Bien que rassurant en termes économiques, le rebond de la consommation d'hydrocarbures va aggraver la facture climatique de la reprise. Le Global Carbon Project déplore ainsi que les émissions de carbone puissent grimper davantage que prévu, jusqu'à près de 6% en 2021, en ligne avec la croissance du PIB mondial, atteignant un montant total de plus de 36 milliards de tonnes sur l'année quand il faut au monde réduire ce bilan de près d'un milliard et demi de tonnes par an pour ralentir le réchauffement climatique.

Heureusement, en l'absence de Trump, il n'est guère de dirigeant du G20 qui puisse à la COP26 de Glasgow remettre en cause le réchauffement climatique. Il faudra cependant à Biden savoir de quel côté de la balance faire pencher son discours : on ne peut totalement s'engager pour le climat tout en pestant contre les prix du pétrole élevé et en reprochant à l'OPEP de ne pas produire assez…Le monde ne manque pas de statistiques météorologiques qui non seulement confirment mais permettent aussi de prévoir la trajectoire thermique de la planète et ses conséquences sur les écosystèmes. Elles confèrent un caractère difficilement réfutable au réchauffement climatique, et attestent, en l'absence de réaction de notre part, de sa tragique permanence.

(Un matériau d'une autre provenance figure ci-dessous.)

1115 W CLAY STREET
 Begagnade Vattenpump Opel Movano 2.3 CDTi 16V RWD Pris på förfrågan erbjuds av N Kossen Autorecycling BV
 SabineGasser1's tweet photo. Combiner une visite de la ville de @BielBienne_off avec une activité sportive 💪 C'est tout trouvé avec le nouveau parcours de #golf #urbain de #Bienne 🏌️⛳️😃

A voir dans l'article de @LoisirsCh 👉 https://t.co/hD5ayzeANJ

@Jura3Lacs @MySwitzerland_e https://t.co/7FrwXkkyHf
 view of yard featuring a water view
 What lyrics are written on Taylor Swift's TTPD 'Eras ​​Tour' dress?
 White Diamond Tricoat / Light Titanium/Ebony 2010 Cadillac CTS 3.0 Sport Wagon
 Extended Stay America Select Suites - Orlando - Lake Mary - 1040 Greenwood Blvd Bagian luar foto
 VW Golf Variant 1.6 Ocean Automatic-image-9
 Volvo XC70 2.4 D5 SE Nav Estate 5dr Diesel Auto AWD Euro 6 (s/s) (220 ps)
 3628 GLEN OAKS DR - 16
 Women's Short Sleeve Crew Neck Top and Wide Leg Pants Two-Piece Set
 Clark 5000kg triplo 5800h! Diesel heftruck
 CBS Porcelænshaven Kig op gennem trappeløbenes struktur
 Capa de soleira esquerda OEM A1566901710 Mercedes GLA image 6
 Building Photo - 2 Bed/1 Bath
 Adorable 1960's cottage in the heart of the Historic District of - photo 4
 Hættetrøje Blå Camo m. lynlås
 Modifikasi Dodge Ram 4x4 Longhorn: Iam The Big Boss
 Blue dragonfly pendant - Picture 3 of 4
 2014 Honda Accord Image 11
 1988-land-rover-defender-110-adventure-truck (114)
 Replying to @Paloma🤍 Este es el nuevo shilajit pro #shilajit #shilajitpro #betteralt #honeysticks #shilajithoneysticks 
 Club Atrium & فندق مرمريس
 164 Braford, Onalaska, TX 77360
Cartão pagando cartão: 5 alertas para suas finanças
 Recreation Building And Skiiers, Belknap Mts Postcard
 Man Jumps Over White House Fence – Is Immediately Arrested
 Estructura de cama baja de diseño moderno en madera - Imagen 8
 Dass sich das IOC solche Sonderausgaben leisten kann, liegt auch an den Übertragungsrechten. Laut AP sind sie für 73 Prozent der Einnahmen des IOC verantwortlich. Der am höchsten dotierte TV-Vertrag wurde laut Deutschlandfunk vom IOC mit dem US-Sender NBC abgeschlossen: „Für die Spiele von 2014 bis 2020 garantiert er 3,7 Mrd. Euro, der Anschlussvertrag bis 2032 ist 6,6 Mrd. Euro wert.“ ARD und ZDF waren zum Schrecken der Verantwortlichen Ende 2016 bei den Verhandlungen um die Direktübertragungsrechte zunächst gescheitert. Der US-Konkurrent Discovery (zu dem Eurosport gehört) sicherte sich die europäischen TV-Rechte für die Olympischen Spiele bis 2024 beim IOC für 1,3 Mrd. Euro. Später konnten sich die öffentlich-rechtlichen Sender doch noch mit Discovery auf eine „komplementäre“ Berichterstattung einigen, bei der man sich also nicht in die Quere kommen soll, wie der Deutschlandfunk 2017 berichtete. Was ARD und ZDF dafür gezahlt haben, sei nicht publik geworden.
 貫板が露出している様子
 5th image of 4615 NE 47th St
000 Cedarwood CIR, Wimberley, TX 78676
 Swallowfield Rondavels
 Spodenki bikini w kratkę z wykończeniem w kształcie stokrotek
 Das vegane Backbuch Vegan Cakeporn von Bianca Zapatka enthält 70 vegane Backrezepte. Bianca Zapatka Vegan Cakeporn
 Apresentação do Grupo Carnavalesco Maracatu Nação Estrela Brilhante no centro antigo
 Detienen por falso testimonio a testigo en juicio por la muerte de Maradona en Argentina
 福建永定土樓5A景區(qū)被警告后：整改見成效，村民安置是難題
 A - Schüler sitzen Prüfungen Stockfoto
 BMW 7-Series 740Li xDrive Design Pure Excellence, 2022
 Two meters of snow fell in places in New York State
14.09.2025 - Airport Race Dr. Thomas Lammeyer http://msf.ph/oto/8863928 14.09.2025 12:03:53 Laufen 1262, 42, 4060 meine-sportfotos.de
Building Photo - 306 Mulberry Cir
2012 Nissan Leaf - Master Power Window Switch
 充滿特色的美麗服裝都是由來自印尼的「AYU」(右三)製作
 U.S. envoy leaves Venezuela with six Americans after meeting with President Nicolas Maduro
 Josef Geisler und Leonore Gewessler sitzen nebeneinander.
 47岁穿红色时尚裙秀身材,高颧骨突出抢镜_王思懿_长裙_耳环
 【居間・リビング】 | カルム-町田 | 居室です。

La surchauffe économique, la mère de l'inflation, est censée, au contraire, être un phénomène transitoire, sous-contrôle. C'est en tout cas le message que Lagarde et Powell martèlent au marché qui tantôt le conteste ou tantôt capitule et l'accepte. Mais jusqu'à quand ? La décision de la BOE, cette semaine est périlleuse. Au sein du G7, le Royaume-Uni est en première ligne face à l'inflation : la façon dont sa banque centrale négociera sa gestion est un symbole pour la crédibilité des banquiers centraux occidentaux. En maintenant sa politique inchangée, Bailey s'engage sur une voie dangereuse qui peut ébranler l'actif le plus précieux des banques centrales occidentales : leur crédibilité.

Ne pas ajuster les taux directeurs quand l'inflation dérape, que le Sterling se déprécie et que les rendements exigés par les marchés sur les bons du trésor se renchérissent est une décision téméraire qui peut ébranler la confiance des investisseurs. Le pays a déjà subi une crise équivalente dans les années 1970… Mais il n’est nul besoin de remonter aussi loin pour se figurer le prix de la défiance des marchés.

Il suffit de porter le regard vers les portes de l’Europe, en Turquie, où la fuite des capitaux, l’effondrement de la lire et l’inflation (20% par an) devrait bientôt rappeler à Erdogan, devenu président de facto de la banque centrale, le coût social, économique et humain de son interventionnisme.